A resident of Srinagar, Gulraiz runs a shop in the old city that fetches him between Rs 10 thousand and Rs 15 thousand a month. This he has to spend on his five-member family, which includes his parents and sister. He has no savings. The financial situation is so bad that in case of emergency, he has to borrow money from his friends. He repays them by cutting down on his basic standard of living. The last time he borrowed money was Rs 50,000 for the marriage of his sister. A friend gave it to him. He repaid it in two years, by not buying mutton which he used to eat twice a week.
“At the government hospital I was told that the treatment is not possible, that I have to visit a private one. The cost of it dissuaded me,” Gulraiz told Kashmir Reader.
Principal of Government Medical College (GMC) Srinagar, Dr Samiya Rashid, admitted that IVF treatment was not available in government hospitals. But, she said, there are other ways of treatment. She said that government hospitals can treat patients whose childlessness is due to seizure in the Fallopian tube.
Dr Samiya Rashid said that she had written a proposal to the government to make IVF facility available in government hospitals. At present, she said, for IVF a patient has to go to a private hospital.
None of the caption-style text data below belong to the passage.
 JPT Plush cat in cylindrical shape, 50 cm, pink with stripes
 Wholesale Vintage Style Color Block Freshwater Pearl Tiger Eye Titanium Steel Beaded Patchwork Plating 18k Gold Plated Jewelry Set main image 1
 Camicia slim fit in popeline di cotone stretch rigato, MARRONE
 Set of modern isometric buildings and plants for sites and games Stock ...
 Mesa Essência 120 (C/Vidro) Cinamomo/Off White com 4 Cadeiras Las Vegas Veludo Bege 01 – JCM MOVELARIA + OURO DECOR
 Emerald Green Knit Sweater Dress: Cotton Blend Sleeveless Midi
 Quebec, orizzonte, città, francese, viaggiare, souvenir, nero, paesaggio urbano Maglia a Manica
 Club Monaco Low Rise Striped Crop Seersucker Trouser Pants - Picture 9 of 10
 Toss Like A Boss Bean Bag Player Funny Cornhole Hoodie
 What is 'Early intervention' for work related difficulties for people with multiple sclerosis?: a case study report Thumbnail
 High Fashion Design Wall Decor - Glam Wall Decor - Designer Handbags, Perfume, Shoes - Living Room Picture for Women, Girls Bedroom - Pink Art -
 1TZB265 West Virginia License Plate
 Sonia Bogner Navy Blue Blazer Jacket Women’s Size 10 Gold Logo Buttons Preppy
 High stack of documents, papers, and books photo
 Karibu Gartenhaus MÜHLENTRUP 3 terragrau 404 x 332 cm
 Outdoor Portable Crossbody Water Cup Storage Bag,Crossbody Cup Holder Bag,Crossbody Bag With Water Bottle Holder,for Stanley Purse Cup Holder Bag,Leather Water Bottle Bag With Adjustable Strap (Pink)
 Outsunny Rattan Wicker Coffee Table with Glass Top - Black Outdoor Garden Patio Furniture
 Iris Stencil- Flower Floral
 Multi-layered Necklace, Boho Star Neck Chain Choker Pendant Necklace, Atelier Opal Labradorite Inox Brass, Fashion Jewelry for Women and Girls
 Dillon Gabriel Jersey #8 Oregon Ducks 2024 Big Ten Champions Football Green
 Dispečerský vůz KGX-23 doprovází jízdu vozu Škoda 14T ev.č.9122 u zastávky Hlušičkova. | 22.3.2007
According to a study carried out in 2008 by the Department of Endocrinology at Sher-i-Kashmir Institute of Medical Sciences (SKIMS), 15.7 percent of women in Kashmir who are currently of child-bearing age will never have a child without clinical intervention.
Beyond the physical and mental exhaustion, childlessness leads to marital discords and divorces. Grand Mufti Nasir-ul-Islam, who also hears cases of marital discord under Islamic jurisprudence, says he is witness to the end of many marriages due to childlessness. “Men always blame women for it, which is not the case all the time,” he said.
“Women are blamed to protect men’s respect in society. I have seen men medically not fit, yet blaming women. To put an end to this menace, one should marry at an early age. In case there are medical issues, all permitted medical procedures should be exhausted. If they, too, fail, adoption is best. A couple should accept it as the will of God,” suggested the Grand Mufti.